▶ _WHAT YOU WILL DO_: Write again exactly the lines in the listing below, starting at the line with "дурь Бузулук" and ending at the line with "Студенты ЮЗГУ – участники V Летней школы журналистики Студенты", both included. Pictures are not copied.

▶ _AVAILABLE DATA_:
╭──
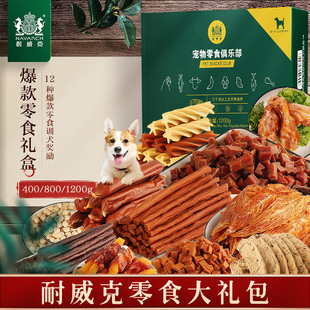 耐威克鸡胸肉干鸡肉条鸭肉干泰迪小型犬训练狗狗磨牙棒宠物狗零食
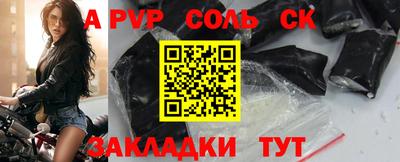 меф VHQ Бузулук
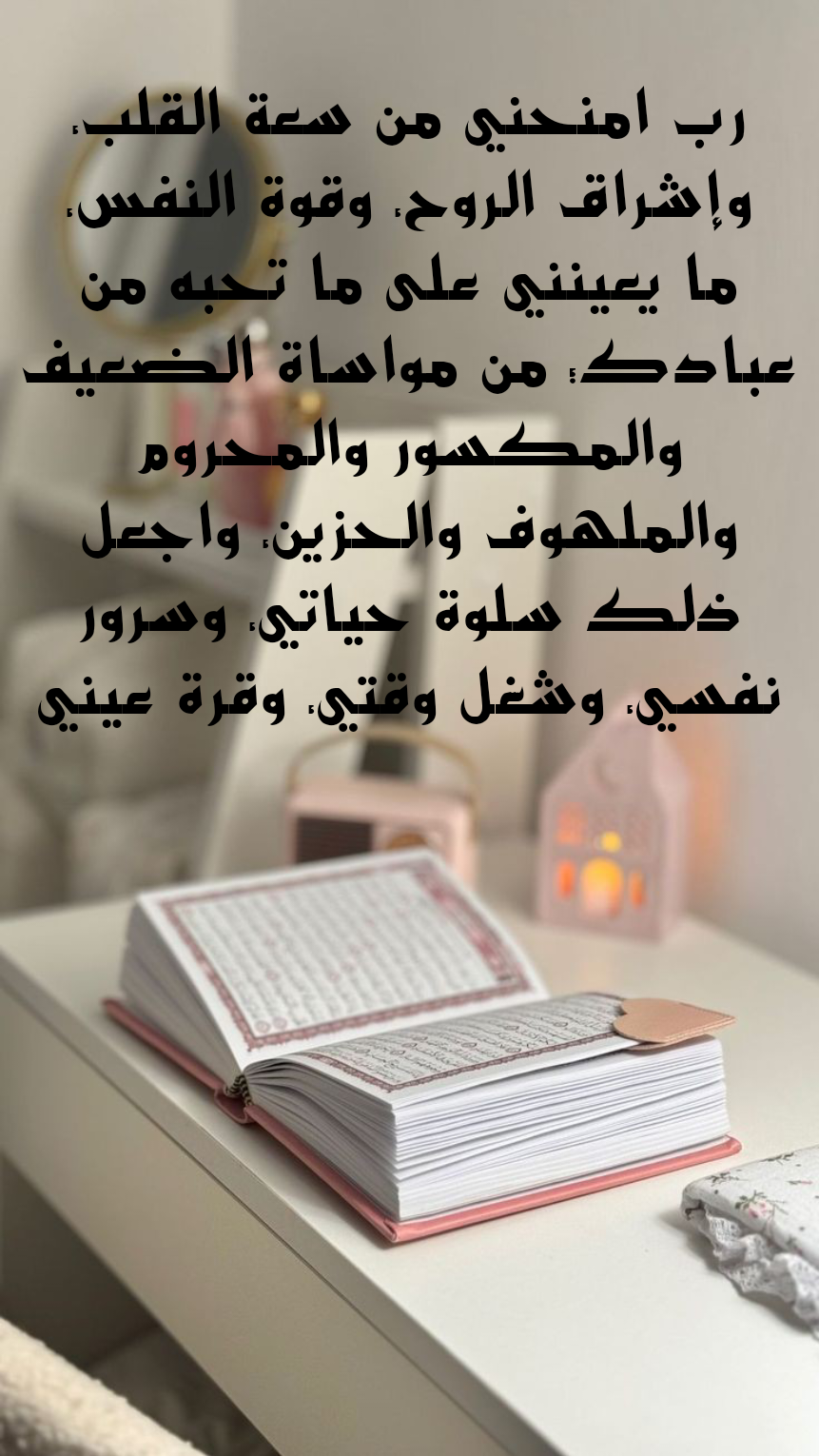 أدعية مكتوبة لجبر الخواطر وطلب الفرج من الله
╰──
╭──
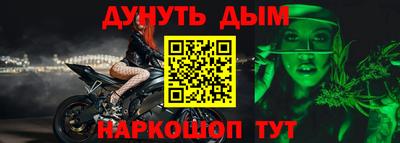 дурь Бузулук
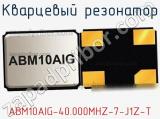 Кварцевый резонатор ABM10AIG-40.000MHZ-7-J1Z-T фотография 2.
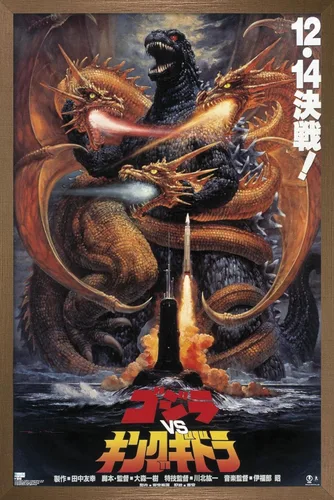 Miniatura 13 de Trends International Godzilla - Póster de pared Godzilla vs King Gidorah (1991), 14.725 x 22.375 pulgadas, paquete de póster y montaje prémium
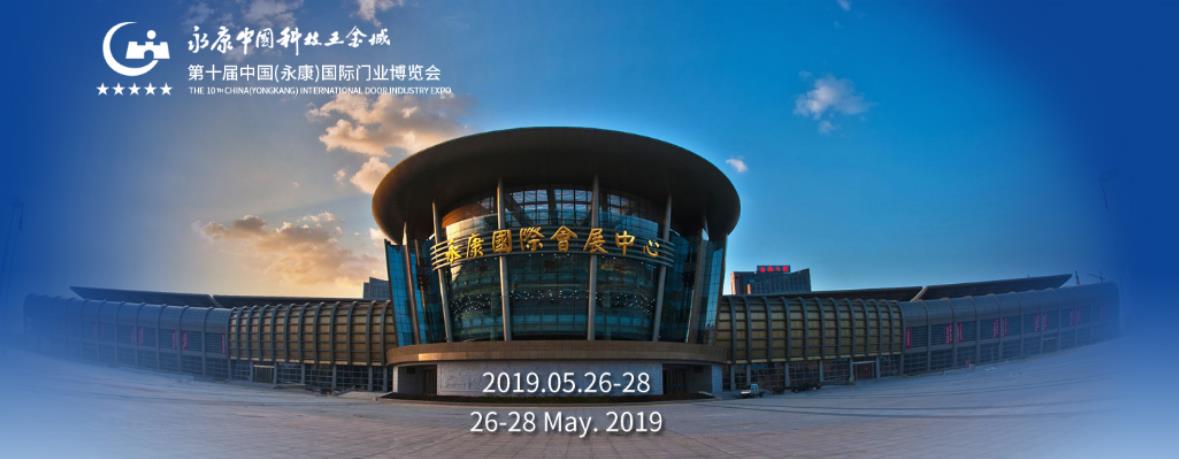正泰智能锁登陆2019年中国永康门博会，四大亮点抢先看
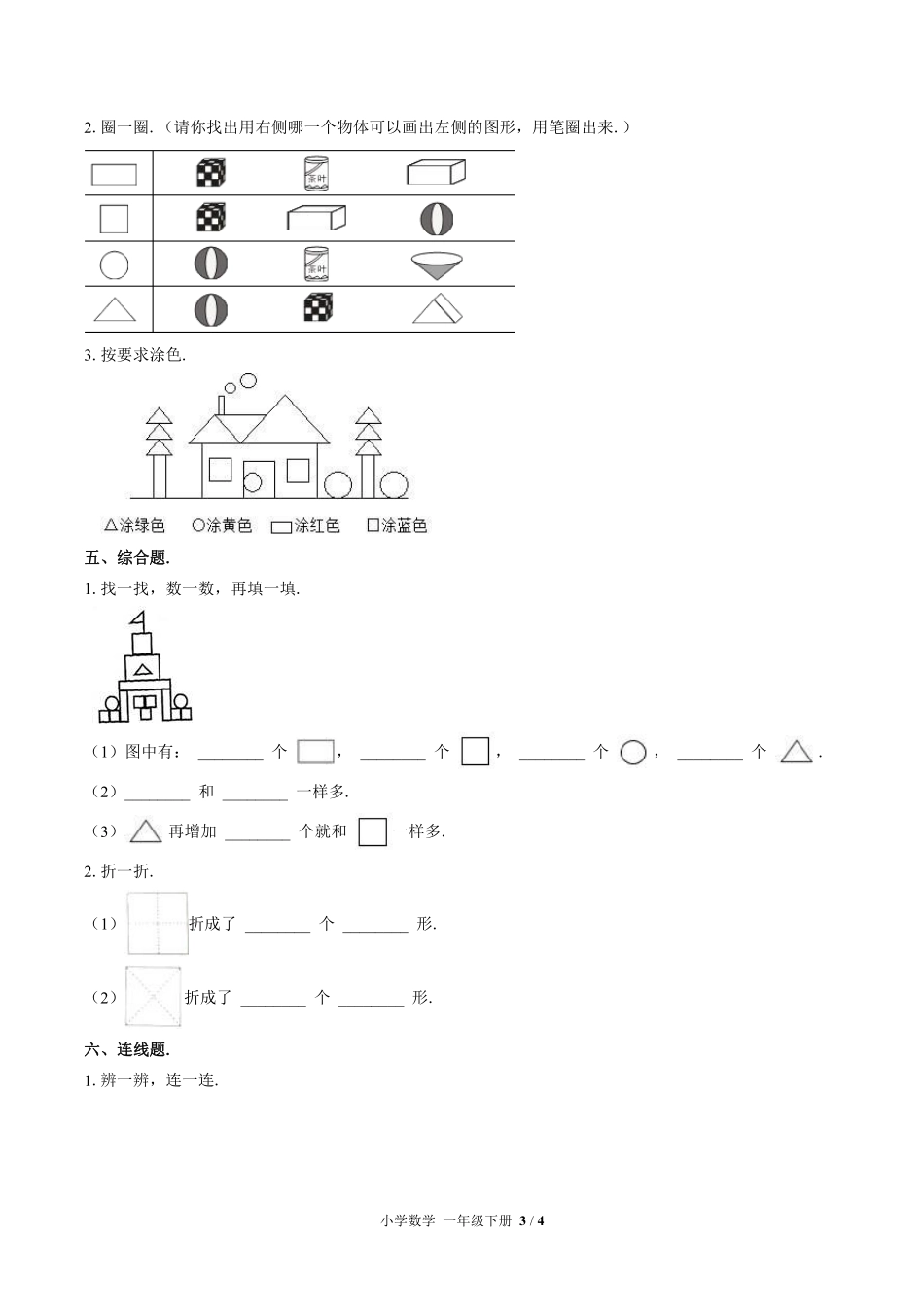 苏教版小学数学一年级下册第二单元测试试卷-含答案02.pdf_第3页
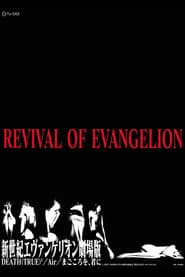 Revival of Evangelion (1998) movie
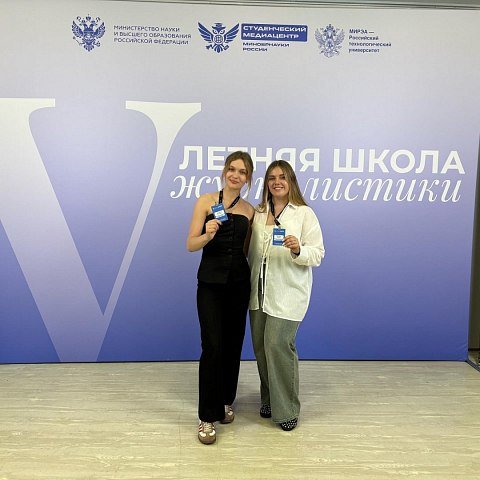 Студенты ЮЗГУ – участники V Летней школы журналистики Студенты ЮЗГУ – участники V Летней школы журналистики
╰──
▶ _OUTPUT OF THE TASK_:
 дурь Бузулук
 Кварцевый резонатор ABM10AIG-40.000MHZ-7-J1Z-T фотография 2.
 Miniatura 13 de Trends International Godzilla - Póster de pared Godzilla vs King Gidorah (1991), 14.725 x 22.375 pulgadas, paquete de póster y montaje prémium
正泰智能锁登陆2019年中国永康门博会，四大亮点抢先看
 苏教版小学数学一年级下册第二单元测试试卷-含答案02.pdf_第3页
 Revival of Evangelion (1998) movie
 Студенты ЮЗГУ – участники V Летней школы журналистики Студенты ЮЗГУ – участники V Летней школы журналистики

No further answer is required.